Foto do escritor: jornalbanquetejornalbanquete

Por Amador Ribeiro Neto


Capa do livro for mar, Flávio Castro. Editora 7 letras
Capa do livro for mar, Flávio Castro. Editora 7 letras

for mar, de Flavio Castro, é um livro que, de pronto, busca a cumplicidade do leitor. Seu projeto revela um primoroso cuidado em inserir o leitor como coautor da obra. Aquele que vai, a cada leitura – muitas formam-se, configuram-se, consolidam-se após cada poema lido, relido, retomado –, edificando para o leitor, para seu deleite cognitivo, uma arquitetura vernacular de fazeres – aquela, fundante da grande poiésis.


Se nos livros anteriores, Audito (2009) e Inaudito (2013), um programa poético se anuncia claramente, com for mar (Rio, 7 Letras, 2015) fixa-se uma trilogia da linguagem poética.


Flavio Castro é um exímio perscrutador dos labirínticos percursos de luz e sombra dos vocábulos. Nele, sempre o som articula-se num entranhado jogo de visualidade e significados. A palavra espaçada no branco da página, os exuberantes neologismos, a tessitura das imagens: tudo é massa de significações em alto grau.


Por isso, sua poesia é um convite a voos – ora largos, ora curtos. Todavia, sempre dentro de um rigor riscado a ponta de faca. O rigor do sol com o pacto dos cactos. O rigor do sangue – vermelho ou seco – escorrido do corpo estirado no beco.

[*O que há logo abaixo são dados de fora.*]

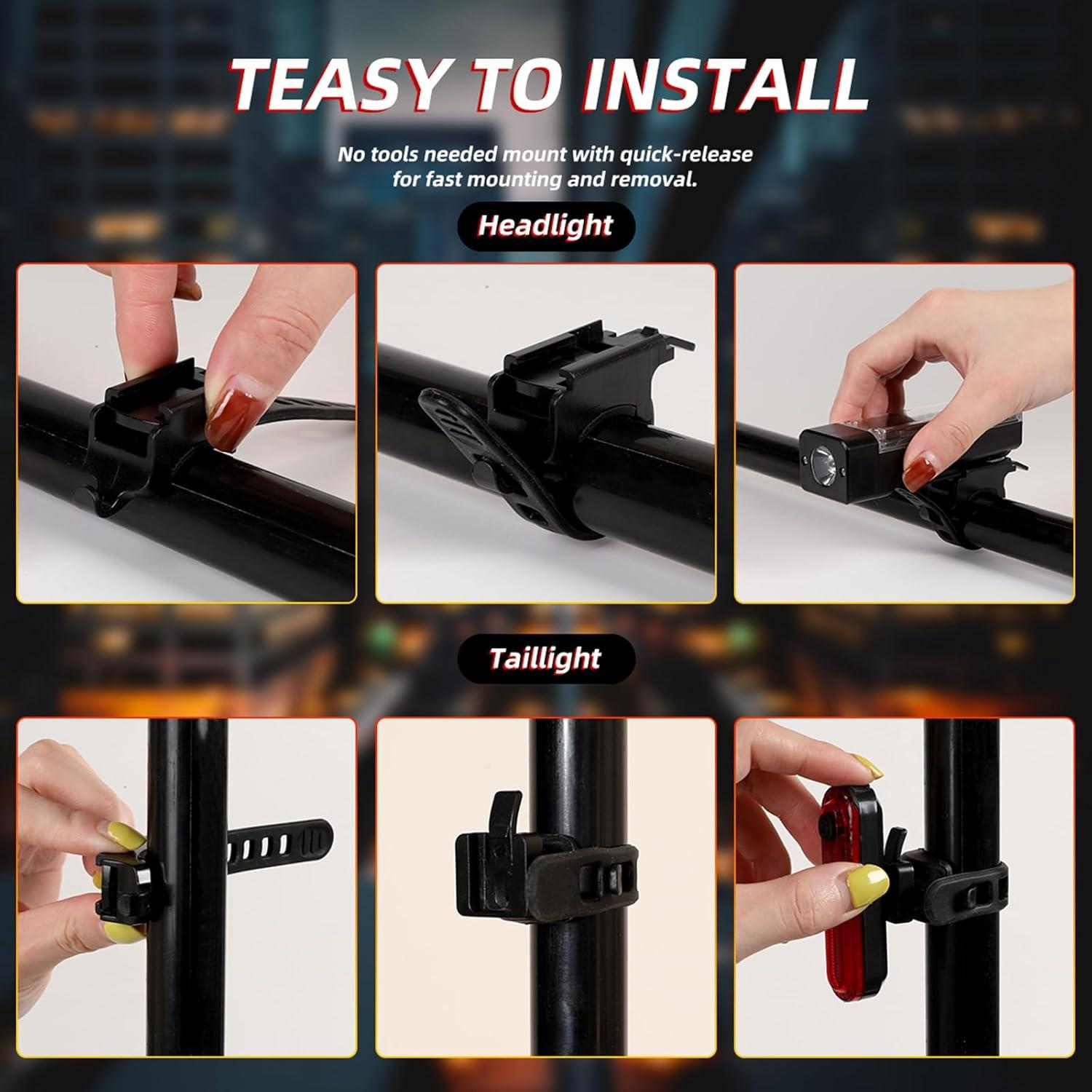 Juego de 4 luces LED recargables USB-C para bicicleta Hilngav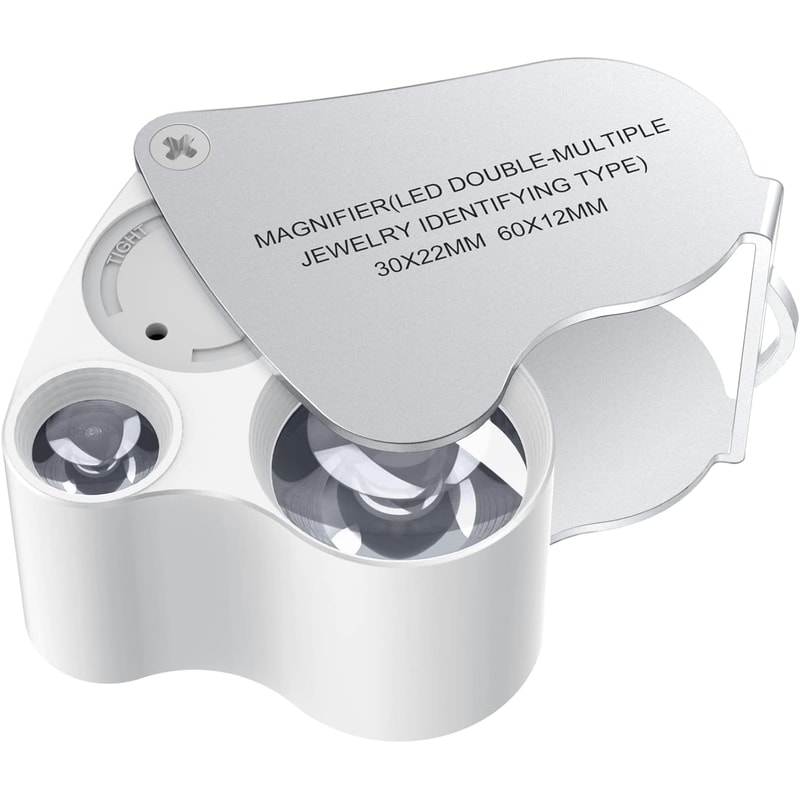 Jewellery Magnifier with Lights, Magnification Magnifying Glass, Portable Pocket Magnifier for Reading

O corpo da poesia não é frágil nem fácil para este poeta que preza as filigranas de cada consoante, de cada vogal, de cada fonema. E de cada imagem: oferenda de um devoto a seus múltiplos deuses sígnicos.


Em consonância com a afiada prática da mais condensada poesia, Flávio Castro é poeta de ardis, armadilhas e artemísias. Sua poesia aguça, açula, isca, embeleza e é um antídoto à pasmaceira dominante na cena da poesia brasileira vigente.


O “livrorrio” de Flavio Castro dialoga com as conquistas da linguagem de Mallarmé a Haroldo de Campos, passando por Cummings e Joyce, entre outros. Este leque dimensiona o fino paideuma deste poeta desassossegado e inquieto que sabe, com Octavio Paz: “a atividade poética é revolucionária por natureza; a poesia revela este mundo, cria outro”. Cônscio de que aquilo que ela inventa é a forma de usar a forma para além das fôrmas cristalizadas pelos manuais poéticos – e pelo desempenho editorial do mercado.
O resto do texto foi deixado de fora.